## [Exercise details]
Once you find the line with "Декоративная ветка Сакуры, 76см, цвет" in the listing below, set down exactly every line from it through the line with "Austrian Empire Navy", but no pictures.

## [Data for the task]
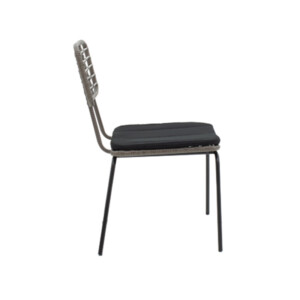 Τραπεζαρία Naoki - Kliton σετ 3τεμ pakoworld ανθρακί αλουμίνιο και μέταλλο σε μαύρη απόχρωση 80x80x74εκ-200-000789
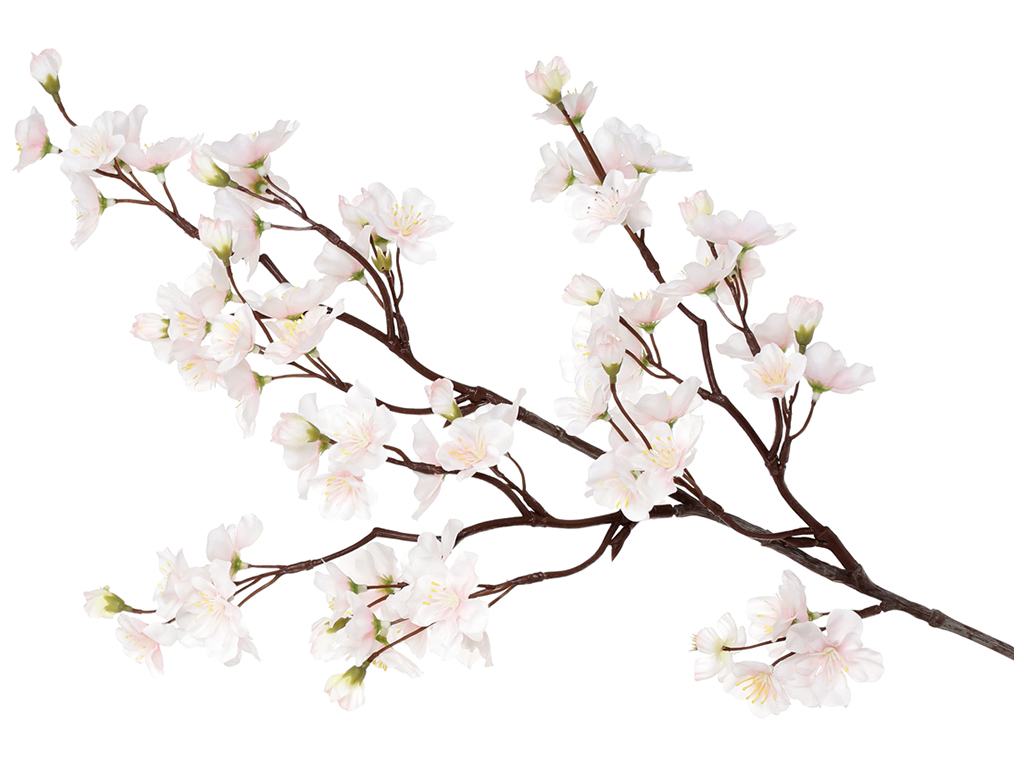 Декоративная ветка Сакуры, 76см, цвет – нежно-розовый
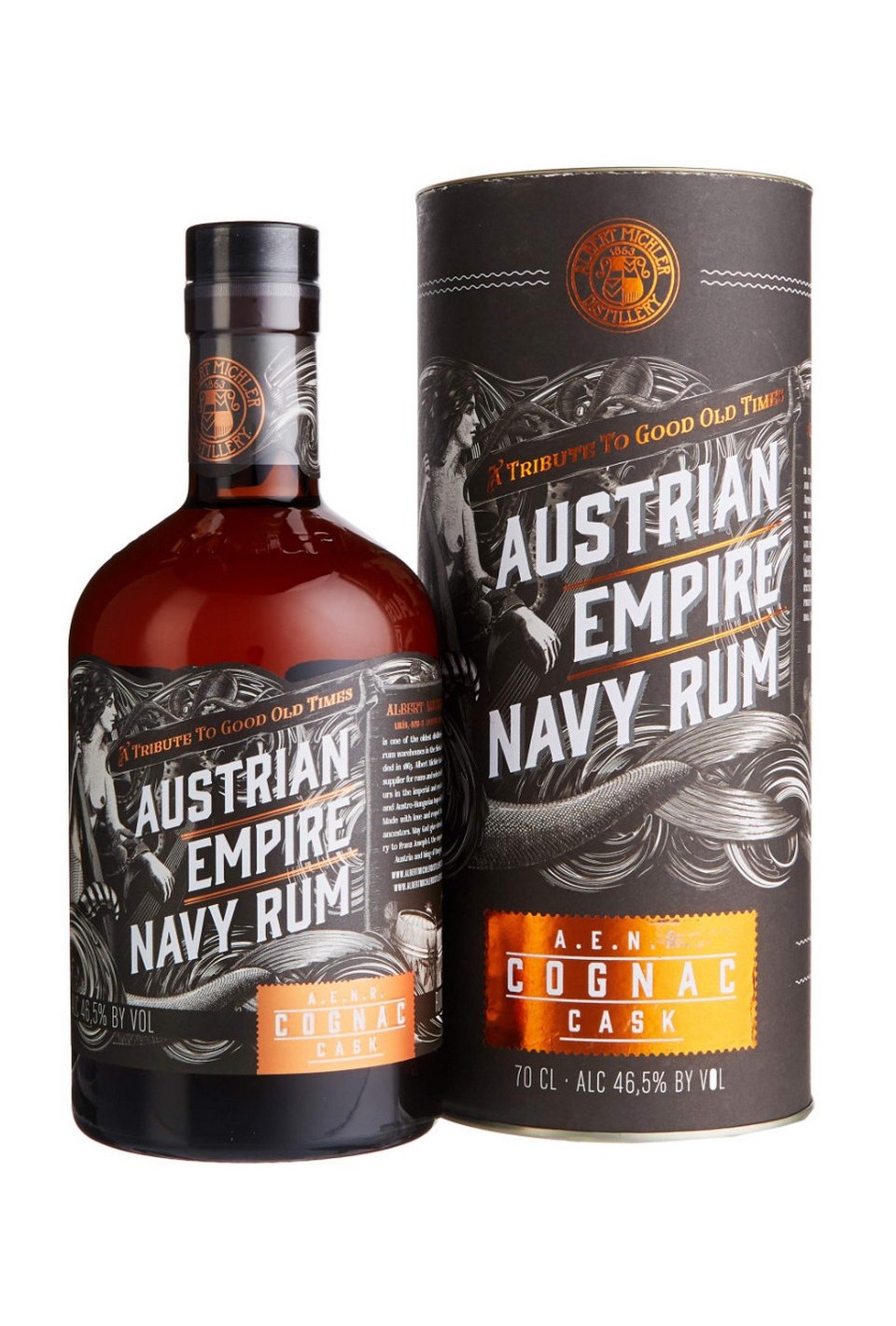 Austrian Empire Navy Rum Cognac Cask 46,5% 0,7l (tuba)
==
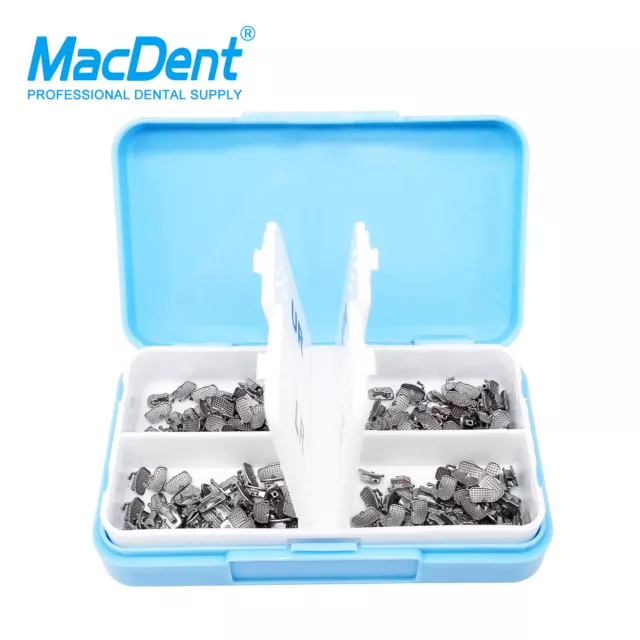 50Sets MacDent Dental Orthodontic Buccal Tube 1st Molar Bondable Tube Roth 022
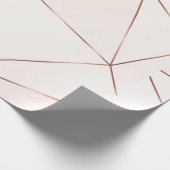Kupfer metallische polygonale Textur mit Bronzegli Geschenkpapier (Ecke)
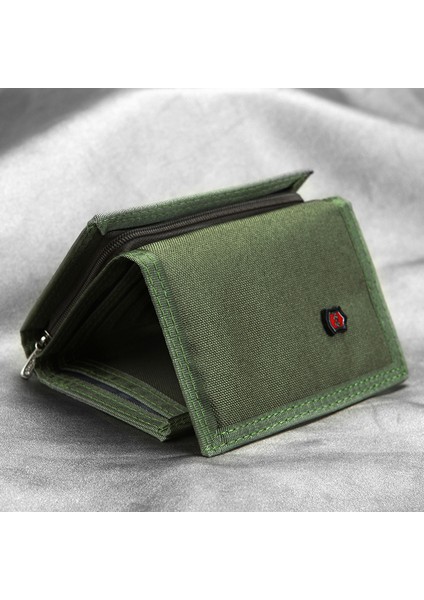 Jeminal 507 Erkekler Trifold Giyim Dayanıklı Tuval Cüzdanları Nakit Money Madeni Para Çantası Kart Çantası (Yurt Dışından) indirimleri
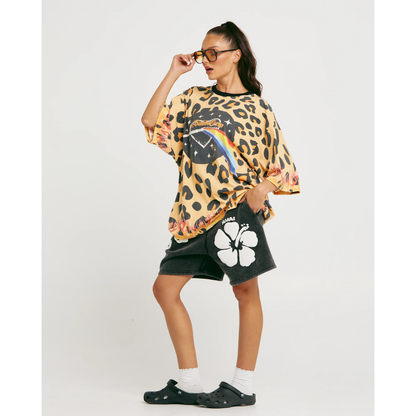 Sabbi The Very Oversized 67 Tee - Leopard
* * *
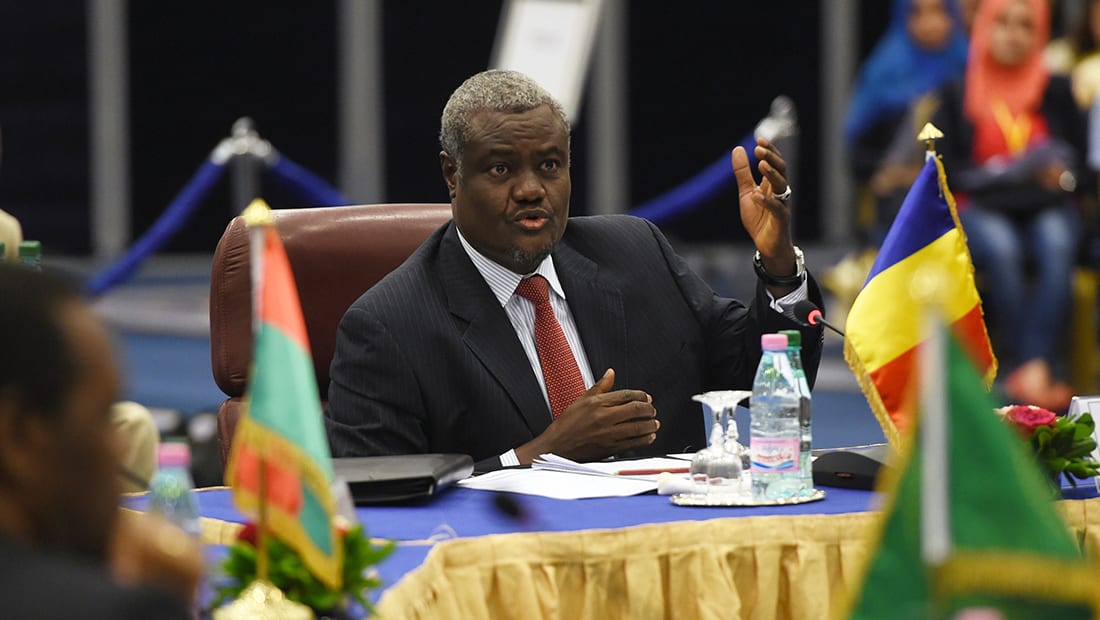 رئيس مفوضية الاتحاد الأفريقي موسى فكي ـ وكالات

## [Solution]
 Декоративная ветка Сакуры, 76см, цвет – нежно-розовый
 Austrian Empire Navy Rum Cognac Cask 46,5% 0,7l (tuba)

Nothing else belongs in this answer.